"Political lives of anticipation: weather, climate and water knowledge in Belize" with Sophie Haines

Past Event

Date
30 January 2018, 1:30pm - 3:00pm

Location
INSIS
64 Banbury Road, Oxford

Part of the Hilary Term Seminar Series organised by the Institute for Science, Innovation and Society

About the speaker

Sophie Haines is James Martin Fellow and ESRC Future Research Leaders Fellow at the Institute for Science, Innovation and Society at the University of Oxford.
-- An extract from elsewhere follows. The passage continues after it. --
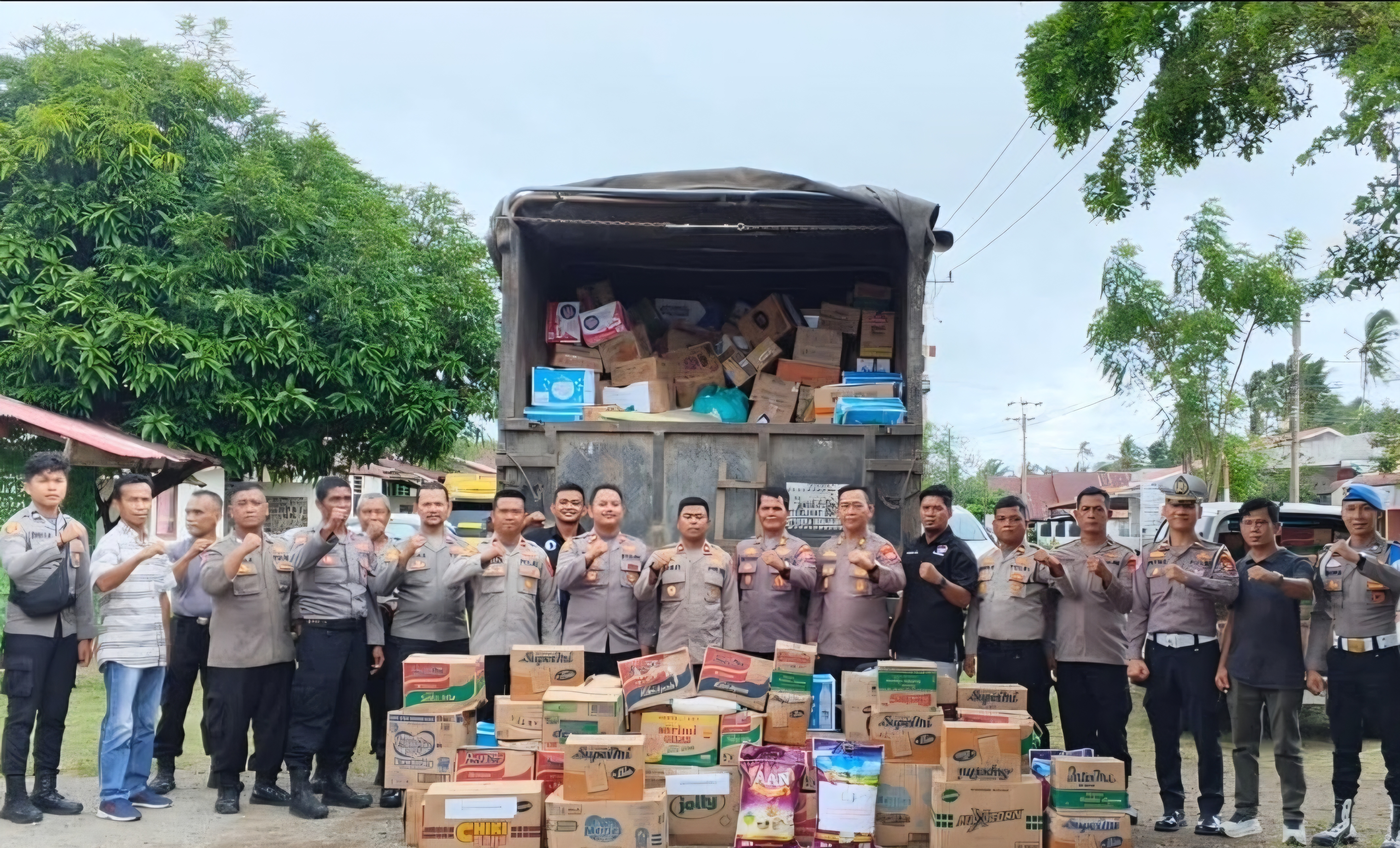 Solidaritas Korps: Polres Muko Muko Kirim Ratusan Paket Bantuan ke Polsek Lengayang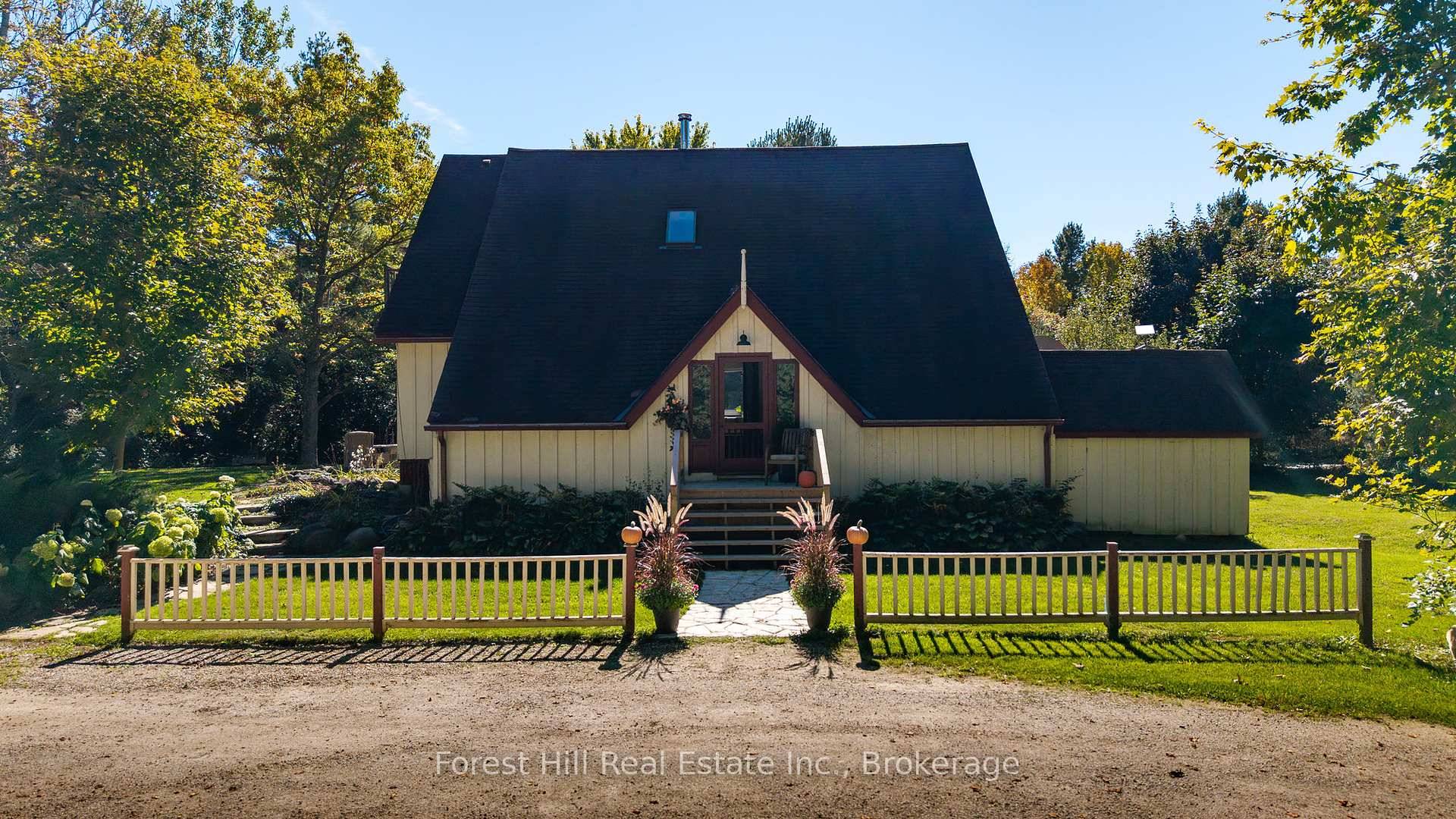 Welcome to an extraordinary opportunity to own a magnificent 27 acre country estate, perfectly positioned less than five minutes from Thornbury.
She completed her PhD in anthropology at University College London in 2011. Before joining InSIS she worked as a parliamentary researcher in the UK House of Commons, focusing on health policy among other areas.

Sophie’s research focuses on environmental knowledge and decision-making in contexts of social and ecological change. She is interested in the interfaces of anthropology and science and technology studies, of natural and social sciences, and of research and policy-making processes. To date her research has explored perceptions of the environment, changing livelihoods, infrastructural development, and the use of scientific predictions for resource and hazard management. She has carried out ethnographic fieldwork and interview-based studies in the UK, Belize and Kenya.
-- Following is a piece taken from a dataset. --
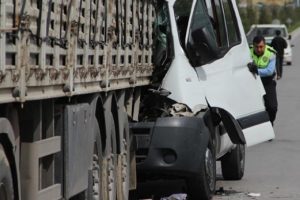 Feci kaza! Minibüs TIR'ın altına girdi
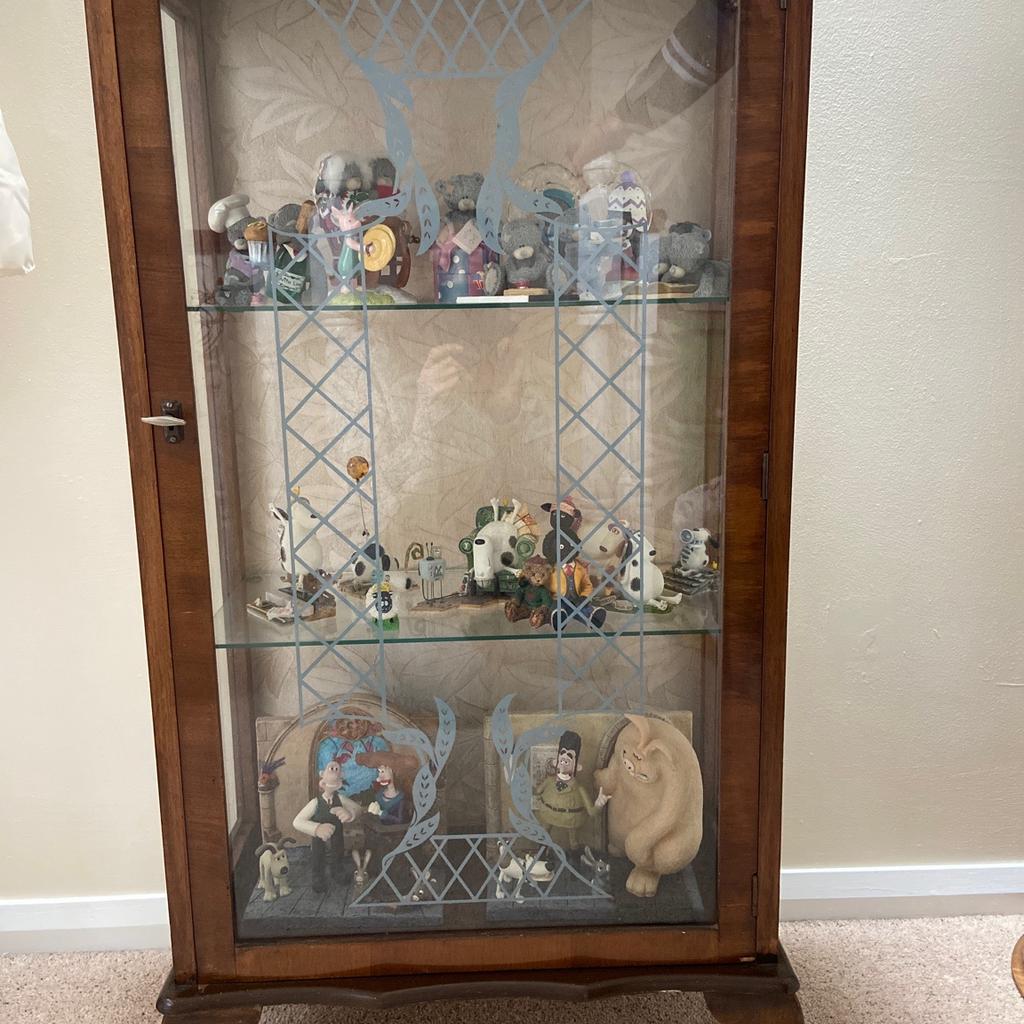 Antique china display cabinet with patterned glass and key locking door (ornaments not included)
Sophie is currently leading the project Envisioning Emergent Environments: Negotiating Science and Resource Management in Rural Communities. Funded by the ESRC Future Research Leaders scheme, the study examines the implications of science-led watershed management interventions for rural residents in Belize. Sophie has previously worked on the DFID-funded research programme ‘REACH: Improving water security for the poor’, the Oxford Martin Programme on Resource Stewardship (OMPORS), and the NERC-funded project Improving Predictions of Drought for User Decision-Making (IMPETUS).